Information below:

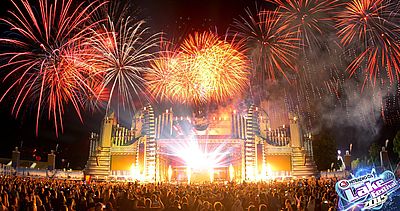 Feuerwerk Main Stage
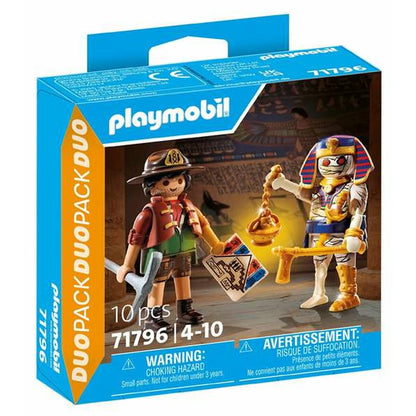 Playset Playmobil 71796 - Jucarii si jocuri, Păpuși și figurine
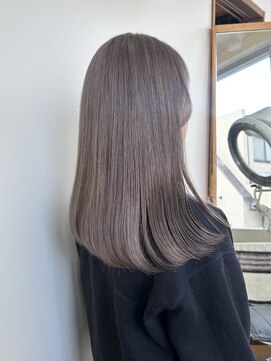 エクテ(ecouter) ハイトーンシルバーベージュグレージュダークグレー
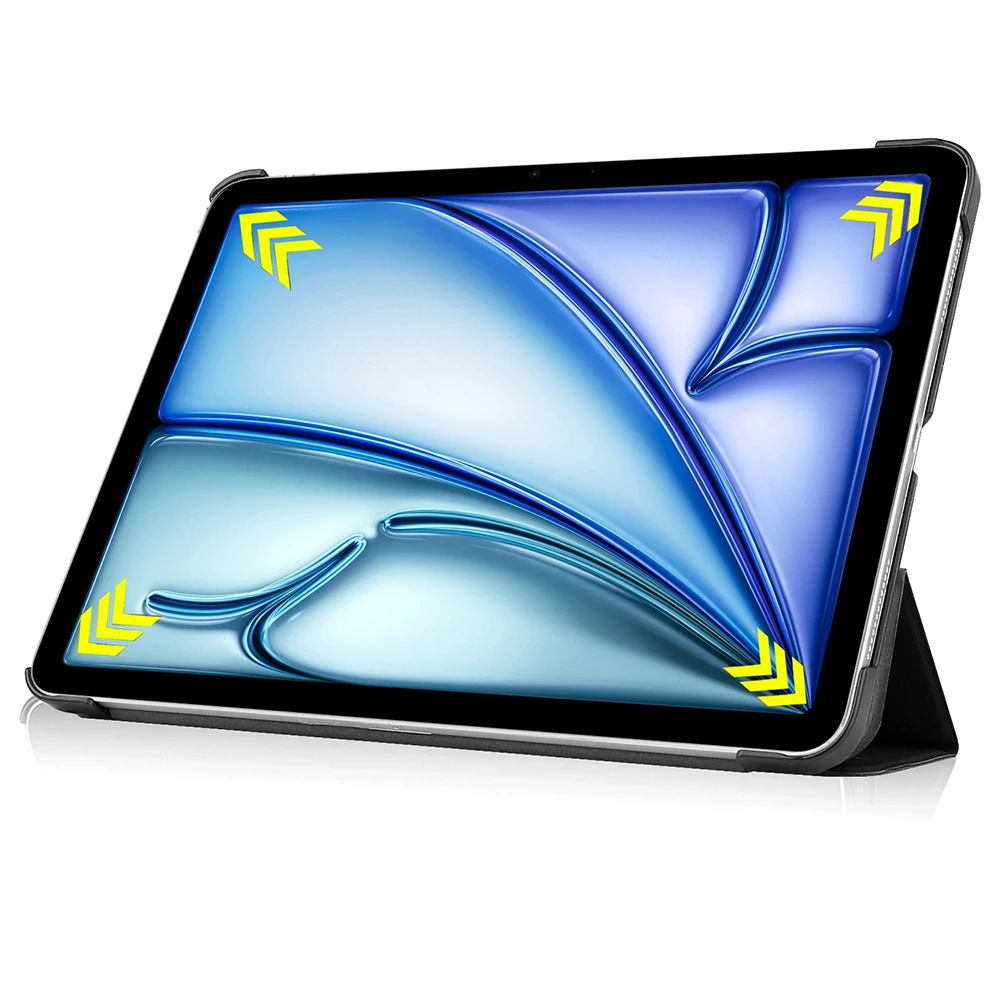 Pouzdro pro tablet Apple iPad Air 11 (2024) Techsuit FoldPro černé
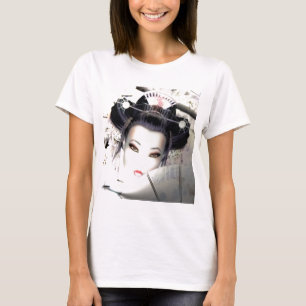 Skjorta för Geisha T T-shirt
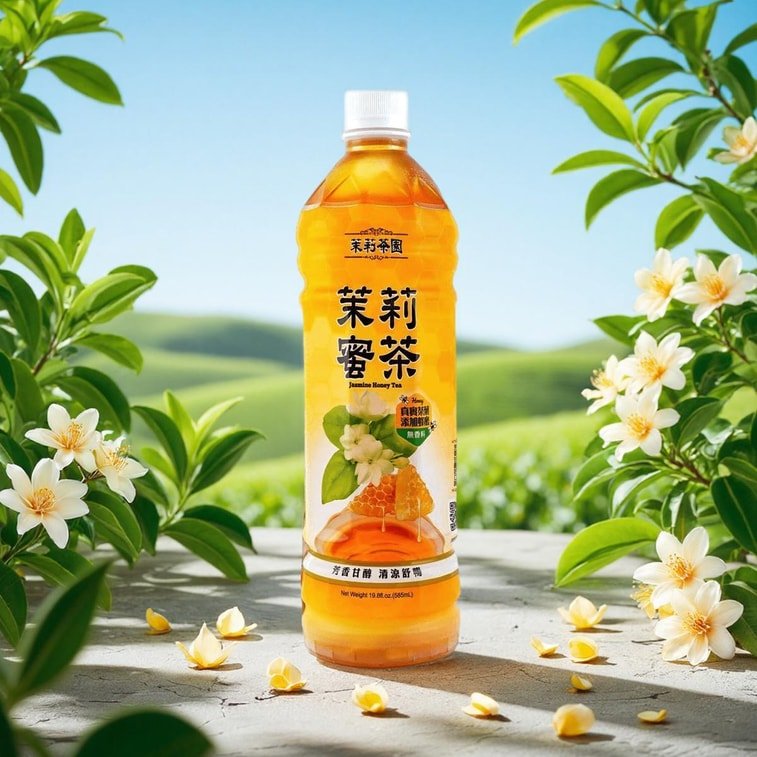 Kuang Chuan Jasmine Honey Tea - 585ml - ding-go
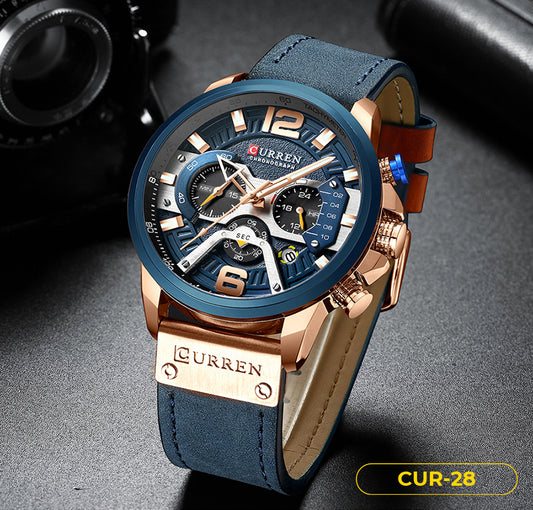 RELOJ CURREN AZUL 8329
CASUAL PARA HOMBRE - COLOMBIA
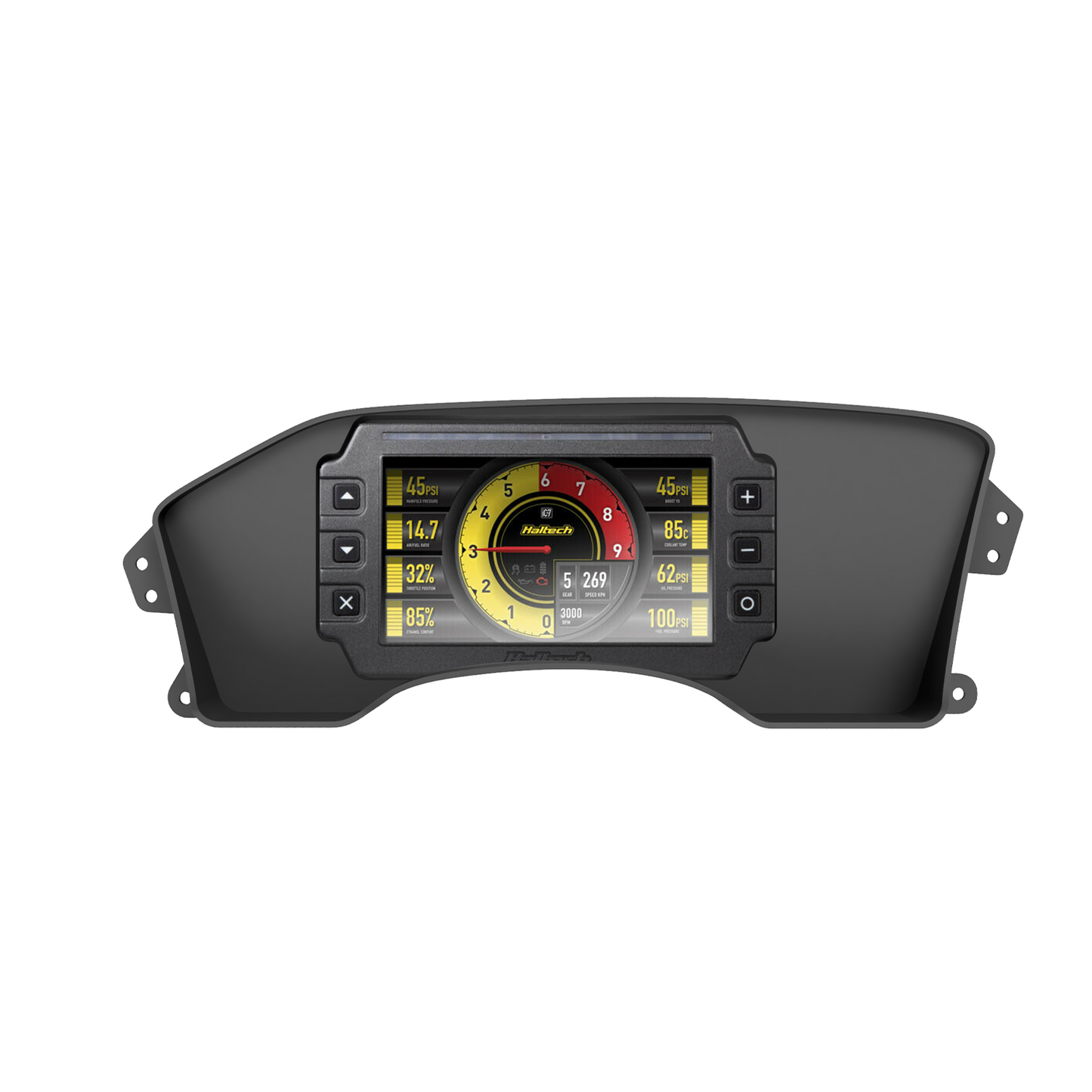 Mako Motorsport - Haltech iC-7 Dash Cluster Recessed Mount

End of Information.

All lines from the one holding "Playset Playmobil 71796" through the last line of the records need to be copied exactly, both ends included, and the pictures left behind.

 Playset Playmobil 71796 - Jucarii si jocuri, Păpuși și figurine
 エクテ(ecouter) ハイトーンシルバーベージュグレージュダークグレー
 Pouzdro pro tablet Apple iPad Air 11 (2024) Techsuit FoldPro černé
 Skjorta för Geisha T T-shirt
 Kuang Chuan Jasmine Honey Tea - 585ml - ding-go
 RELOJ CURREN AZUL 8329
CASUAL PARA HOMBRE - COLOMBIA
 Mako Motorsport - Haltech iC-7 Dash Cluster Recessed Mount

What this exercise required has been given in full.